By Juliet Martinez
The Jan. 9 community meeting drew a standing-room-only crowd to Community Kitchen’s second-floor classroom. The in-person meeting started half an hour early, with pizza and sodas served at 5:30. So many people came that they doubled the pizza order. More than 20 youth football players and parents came to voice their concerns about the Steelers’ planned sports complex on Hazelwood Green. And participants had an emotional discussion about the community’s housing needs in light of a planned housing development on the 4800 block of Second Avenue.
At the end of the meeting, outreach and sustainability director Tiffany Taulton announced she is leaving Hazelwood Initiative for another job. She received a warm and enthusiastic ovation, lots of good wishes and more than a few hugs.
4800 block affordable housing
The Community Builders, a nonprofit affordable housing developer, presented their redesign for a planned mixed-use, mixed-income apartment building. It will be on the east side of the 4800 block of Second Avenue. They got negative feedback on the design in 2022, so they held three meetings in Hazelwood to get a better idea of residents’ preferences.
The four-story, 35-unit development will have 22 project-based vouchers.
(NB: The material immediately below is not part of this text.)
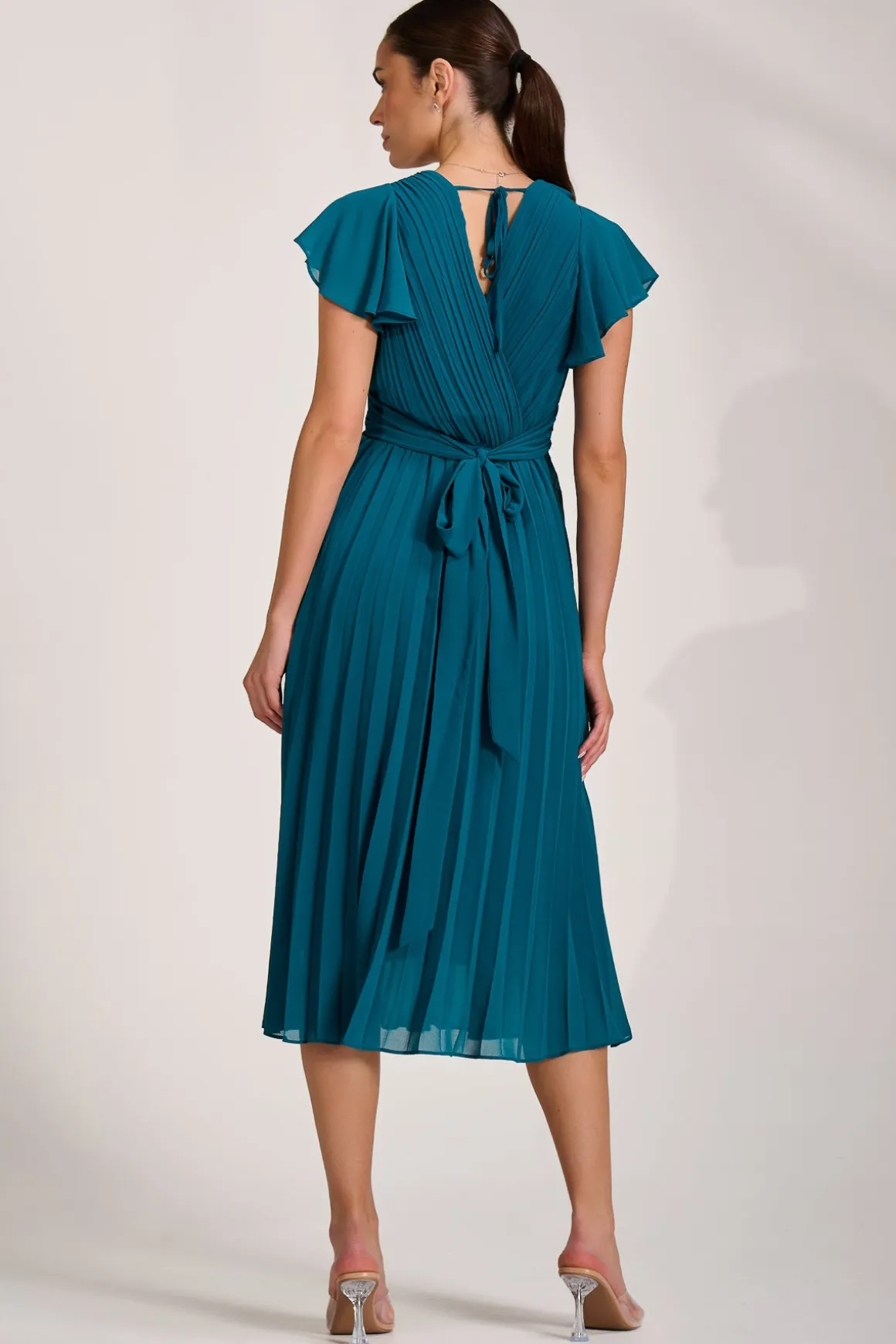 Ruffle Pleated Chiffon Midi Dress, Teal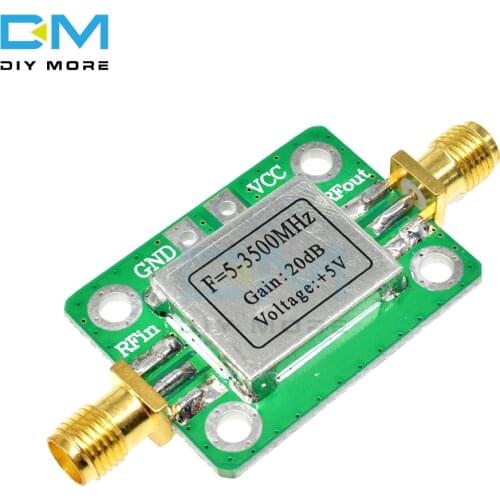 LNA 5-3500MHz RF Broadband Signal Amplifier Board Module High Gain 20dB Amp 3.3-6V DC Low Noise Small Signal with Shielding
This will give people without a Section 8 voucher the chance to apply for subsidized rent. Five units will be fully accessible people with for mobility, hearing or vision disabilities. One unit will be accessible only for hearing and vision disabilities.
The developer said they planned for 28 one-bedroom units, six two-bedroom units and one three-bedroom. But community members asked for more two- and three-bedroom units. The Community Builders is working on reconfiguring the design.
Even so, meeting participants said they are disheartened by the high number of one-bedroom apartments in the design. Families need two, three or more bedrooms. But the lack of larger affordable rental units means many families must find housing outside the neighborhood.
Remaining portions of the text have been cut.